The acronym starts with R. The people running it are a bunch of R’s. There are plenty of useful and unbiased alternatives – even ones that are not gratuitously slanted the other direction. Every time you buy into their narrative, you’re conceding ground to them.
Stop.
Using.
RCP.
(And fuck the polls 14 months out – they have nothing to do with the election.)
Frank Wilhoit
@Hob:
In this case, devolution manifests as the other things, and that is the general pattern. It is a question of what is explanatory and what to focus on. I certainly could have explained that aspect better.
way2blue
I don’t understand why Democratic Senators & Representatives aren’t in their districts pounding what the Biden administration has done to bolster and improve every aspect of America. People don’t figure this stuff out on their own if they’re not focused on it. They need to hear it from their trusted officials. What gives?
RaflW
@way2blue: Are they not doing this?
Or is the press not interested in covering it, because our f**ing press is so terrible — and part of the terribleness is the steep cuts in local reporters, city desk editors, etc.
Ella in New Mexico
@billcinsd: I used to be able to ask 2500 randomly called people a question. Due to their number and diversity, they roughly represented the larger population, and so, statistically their answers were a decent estimation of the general opinion of a given community.
Now 100 people answer their phones.
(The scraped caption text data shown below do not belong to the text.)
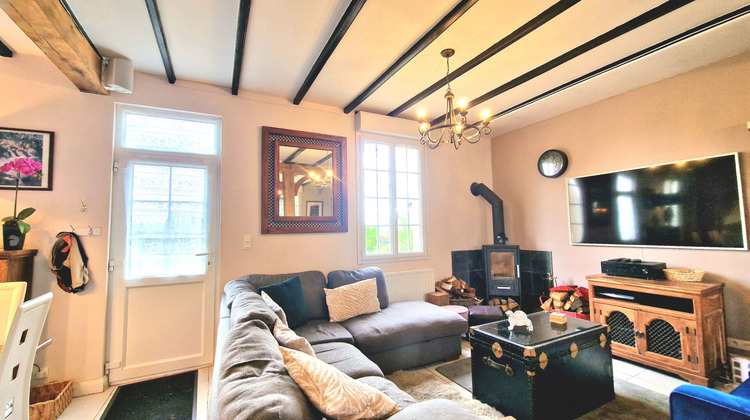 Ma-Cabane - Vente Maison PLOUGUENAST, 121 m²
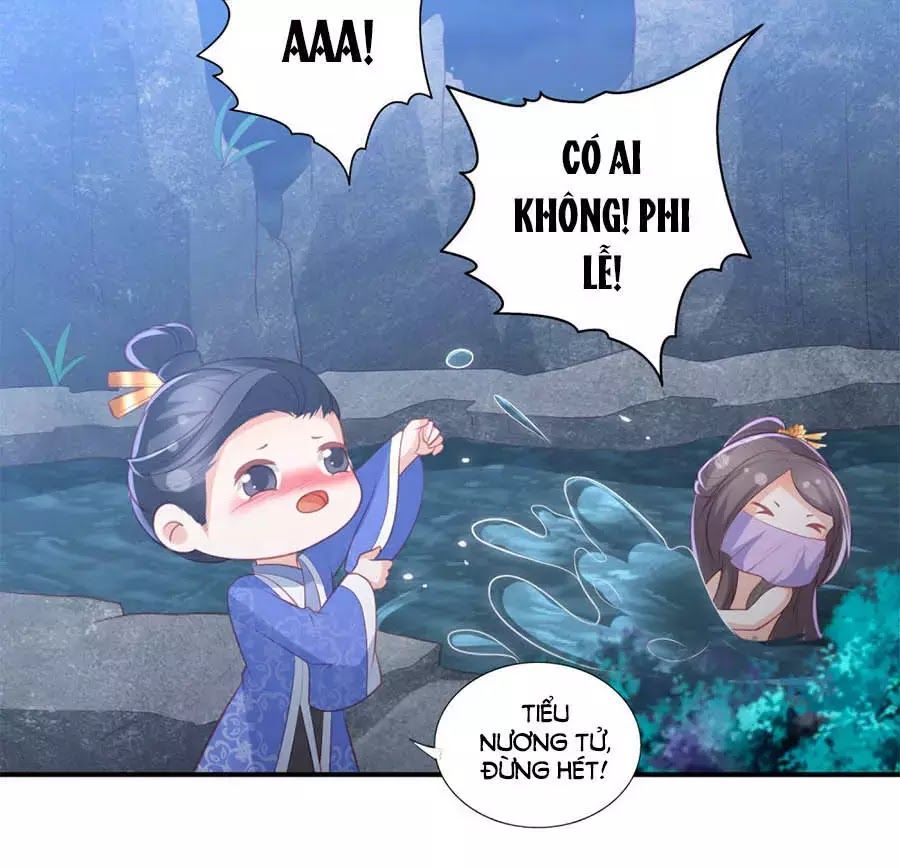 Phượng Hoàng Thác: Chuyên Sủng Khí Thê Chapter 41 - Trang 2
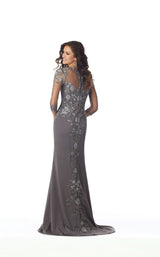MGNY 71819 Charcoal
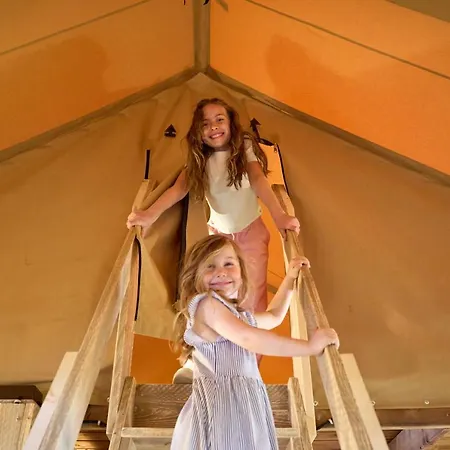 Camping Campo Dei Fiori Вада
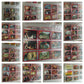 Jurassic Park Official Card Collection Euroflash
In vendita la Collezione completa di n.118 card senza album raccoglitore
Majority are people who have no problem answering a phone call from someone they don’t know. People who own landlines and have blindly answered their phones since 1957 this way cuz it was almost always someone they needed or wanted to talk to. People who live in rural areas, are older, less tech savvy (even avoidant). Living on retirement funds and going to church on Sundays.
75 out of 100 are the above demographic and heaven knows none of my under 40 adult kids are in the 25%.
If I tried to conduct and evidence-based study of a medical issue with the sample above I’d be kicked out of the DNP program.
I don’t care how much they massage the statistics or apply corrective algorithms this is why polling, especially 15 months before an election, is practically useless.